But the same calculation also limits the overall amount of matter there can be in the form of hydrogen, helium, and the rest of th familiar chemical elements (so-called “baryonic matter”). In order to match the conditions under which helium was manufactured in the Big Bang fireball to the abundances of hydrogen and helium seen in the Universe today, cosmologists also had to specify the overall density of baryons in the Universe. Assuming that all the matter in the Universe is made of baryons (the same sort of stuff that we and everything else on Earth is made of, and all the bright stars are made of), this density converts into a mass-to-light ratio for the Universe as a whole — and the number comes out as less than 100. In other words, at the very outside there could be as much as 100 times as much matter in the form of clouds of dust and gas, and so on, as we see in the form of bright stars. At the beginning of the 1980s, this was starting to cause concern among astronomers. As telescopes and observing techniques improved, the observational evidence was mounting that in the case of clusters of galaxies, M/L is at least 300. But a now well-established and highly successful Big Bang theory says that M/L for all the baryons in the Universe must be comfortably less than 100. A great deal of extra mass seemed to be needed — and it also seemed clear that it could not be in the form of baryons.

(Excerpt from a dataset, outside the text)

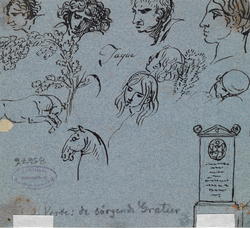 Hoder; gravmonument [Tegning]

Then, the Big Bang theory itself underwent a dramatic transformation with the advent of an idea dubbed “inflation”, which describes the very earliest era of the Universe, which produced the fireball in which hydrogen was processed into helium. Inflation resolved some remaining puzzles about the Big Bang model, and is now part of the standard model itself. But while removing some old cosmological puzzles, it makes one firm prediction, concerning the density of the Universe. It says that there should be enough matter in the Universe to keep all the galaxies and clusters of galaxies in a gravitational grip, in much the same way that clusters of galaxies are held together by gravity. In that case, there must be so much matter in the Universe that the overall mass-to-light ratio is about 1000, at least three times greater even than the figure for clusters of galaxies. There must be at least ten times, perhaps a hundred times, more matter in the Universe than can be explained by all the baryonic matter produced in the Big Bang fireball. What is it? And where is it? Physicists already knew of one other kind of particle that might fit the bill. For the purposes of these calculations, electrons are included with baryonic matter — the mass of an electron is only half of one thousandth that of a proton and there are the same number of electrons in the Universe as there are protons, so they make only a minor contribution to the density. But there is another kind of particle which exists in vast quantities. These are the neutrinos, which participate in nuclear reactions that involve the weak force (ADD REF to IS Forces of Nature). It is a firm prediction of the standard Big Bang model that there should be about as many neutrinos in the Universe as there are photons — about a billion (109) times as many neutrinos as there are baryons.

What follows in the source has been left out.